# yellow dummy light???



## euroorbust (Oct 20, 2008)

hey all just went out to go to work and the yellow dummy light came on only when i sart to drive not at idle. Its the one in the arrow in the middle of the cluster. car is a quantum sedan with the audi 5cyl. its not my car so i dont know to much bout it. what does this light mean and how can i fix it thank you.


----------



## zollie (Jul 11, 2009)

That's your superdeluxe gear-shift-indicator! 

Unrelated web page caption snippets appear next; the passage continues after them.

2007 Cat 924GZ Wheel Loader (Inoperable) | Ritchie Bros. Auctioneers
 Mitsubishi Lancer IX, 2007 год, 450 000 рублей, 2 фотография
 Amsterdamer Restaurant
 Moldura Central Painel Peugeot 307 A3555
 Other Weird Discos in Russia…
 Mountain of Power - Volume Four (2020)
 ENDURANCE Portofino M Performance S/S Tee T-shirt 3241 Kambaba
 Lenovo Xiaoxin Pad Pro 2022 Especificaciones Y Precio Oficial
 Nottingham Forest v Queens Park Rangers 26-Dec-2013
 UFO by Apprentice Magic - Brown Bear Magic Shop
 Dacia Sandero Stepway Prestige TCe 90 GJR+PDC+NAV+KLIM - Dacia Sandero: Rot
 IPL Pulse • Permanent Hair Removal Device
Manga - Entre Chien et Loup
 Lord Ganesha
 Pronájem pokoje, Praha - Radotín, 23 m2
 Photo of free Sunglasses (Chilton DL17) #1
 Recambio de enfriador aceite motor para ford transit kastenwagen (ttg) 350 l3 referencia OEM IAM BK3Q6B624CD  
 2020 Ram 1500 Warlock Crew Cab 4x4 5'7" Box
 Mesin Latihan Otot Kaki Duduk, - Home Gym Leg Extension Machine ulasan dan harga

Comes on when your rpm is steady, not at idle, not full-throttle and not in 5th gear. so when you're driving and not accelerating the car tells you it's more economic to drive in a higher gear!


----------



## euroorbust (Oct 20, 2008)

really i have never ever seen this light before just happened for the first time today after drivning in the snow. so its nothing i have to worry about? car doesnt belong to me browwing it from a friend dont want anything bad to happen to it


----------



## zollie (Jul 11, 2009)

The yellow light, centre top position. In the arrow in the econometer is indeed your harmless shift-light!


----------



## borellsoffun (May 26, 2004)

I believe that is the upshift identicator. I think the purpose of the light is to tell the driver when to up shift to get the best gas mileage. Not 100% sure. I'll check my manual. Mine doesn't work. 

Oops didn't see that it was already replied to


----------